Methods: This study was a retrospective analysis of prospective patients taken from the Multicenter Orthopaedic Outcomes Network (MOON) cohort who identified football as their primary or secondary sport. Identified patients were then questioned in a structured interview regarding their ACL injury, participation in football before their injury, and factors associated with returning to play. Data were analyzed for player position, concurrent meniscal/ligamentous/chondral injury, surgical technique and graft used for ACL reconstruction, and issues pertaining to timing and ability to return to play.
Results: One hundred forty-seven players (including 68 high school and 26 collegiate) met our criteria and were contacted from the 2002 and 2003 MOON cohorts. Return to play rates for all high school and collegiate athletes were similar (63% and 69%, respectively). Based on player perception, 43% of the players were able to return to play at the same self-described performance level. Approximately 27% felt they did not perform at a level attained before their ACL tear, and 30% were unable to return to play at all. Although two thirds of players reported some “other interest” contributing to their decision not to return, at both levels of competition, fear of reinjury or further damage was cited by approximately 50% of the players who did not return to play. Analysis of patient-reported outcome scores at a minimum of 2 years after surgery between patients who returned to play and those who did not demonstrated clinically and statistically significant differences in the International Knee Documentation Committee form, Marx Activity Scale, and Knee injury and Osteoarthritis Outcome Score knee-related quality of life subscale in the collegiate players.
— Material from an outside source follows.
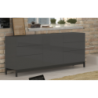 Credenza Metis 170 con piedistallo – 1 anta + 6 cassetti – Antracite Lucido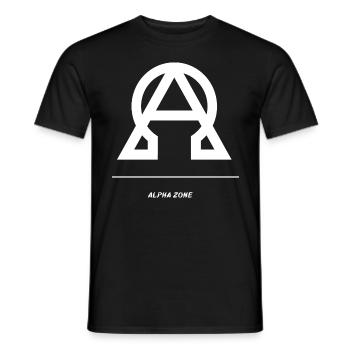 Alpha - Männer T-Shirt - Schwarz - Vorne - AI Model Male 178 light (178cm)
Similar clinical differences were not statistically significant in the high school students. Player position did not have a statistically significant effect on the ability to return to play for high school players, and 41% of “skilled” position players and 50% of “nonskilled” position players were able to return to play at the same performance level.
Conclusion: Return to play percentages for amateur American football players after ACL reconstruction are not as high as would be expected. While technical aspects of ACL reconstruction and the ensuing rehabilitation have been studied extensively, the psychological factors (primarily a fear of reinjury) influencing the ability to return to play after ACL surgery may be underestimated as a critical factor responsible for athletes not returning to play at any level of competition.